The module can memoize any function, although it is only useful on "pure" functions: functions with no side effects and not dependant external data that will change. The official documentation contains a nice example demonstrating a recursive implementation of a Fibonacci sequence generator. My example is a little program I wrote the other day where the memoize module came in handy.

You have coins valued at 1, 2, 5, 10, 20, 50, 100, and 200. How many different ways can 200 be made using any number of coins. A simple recursive solution is this: stick in each coin one at a time and ask the same question again. So, we use a coin worth 1, now the question is how many ways can we make change for 199. Then 198, then 195, then 190, etc. Because the order of the coins is not important these two sets are identical: (1 1 5) (5 1 1). So, to avoid counting the same set twice, we also want to tell the function the largest size coin to use from then on. Our function may look like this now (Perl),

use List::Util qw(sum);

sub count {
    my ($s, $m) = @_;
    return 1 if ($s == 0);

    my @valid = grep {$_ <= $s and $_ >= $m} @coins;
    return 0 if ($#valid == -1);

    return sum map {count($s - $_, $_)} @valid;
}

Where it is called as count(total, max_coin_value).
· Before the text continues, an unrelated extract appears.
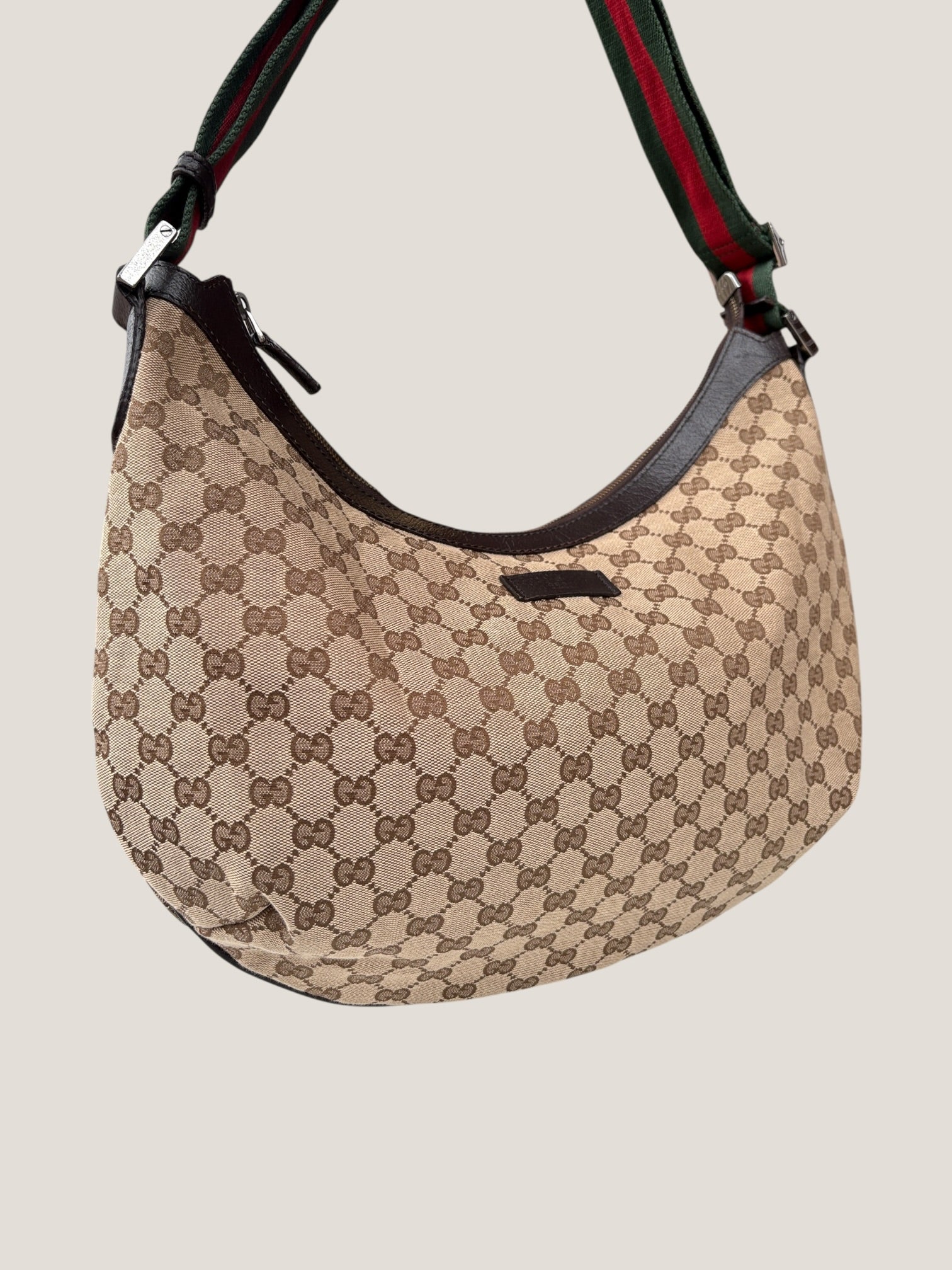 Gucci Half Moon Large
However, we will be calculating the same value twice many times over. For example, lets say we start filling the first 10 of 200 like this: (1 1 1 1 1 5) or (5 5). The next call to count will be count(190, 5) for both cases. Just like the recursive Fibonacci implementation, we are spending an enormous amount of time repeating ourselves. Running this for a value of 200 will take minutes. Running it for a value of 2000 may take days! Memoization to the rescue!

We will now add this,

use Memoize;
memoize('count');

The module has now transparently installed a new version of the function over our original. If we ever pass the same arguments that we already have passed, the module will look up the original calculated value and return it instead of calling the real function. It now can calculate the number of ways to make change for a value of 2000 in a couple seconds rather than days. That's how much redundant work the function was doing. Here is the whole thing,

#!/usr/bin/perl

use strict;
use warnings;
no warnings qw(recursion);
use List::Util qw(sum);

use Memoize;
memoize('count');

my @coins = (1, 2, 5, 10, 20, 50, 100, 200);

print count(200, 1);
print "\n";

sub count {
    my ($s, $m) = @_;
    return 1 if ($s == 0);

    my @valid = grep {$_ <= $s and $_ >= $m} @coins;
    return 0 if ($#valid == -1);

    return sum map {count($s - $_, $_)} @valid;
}

Now, to apply it to the Collatz problem from my previous post we get a nice simple little program,

#!/usr/bin/perl

use strict;
use warnings;
no warnings qw(recursion);
use List::Util qw(max);

use Memoize;
memoize('collatz');

while (<>) {
    my ($n, $m) = split;
    printf("$n $m %d\n", max map { collatz($_) } ($n..$m));
}

sub collatz {
    my $n = shift;
    return 1 if ($n == 1);
    return 1 + collatz(3*$n+1) if ($n & 1);
    return 1 + collatz($n/2);
}

I really do love Perl.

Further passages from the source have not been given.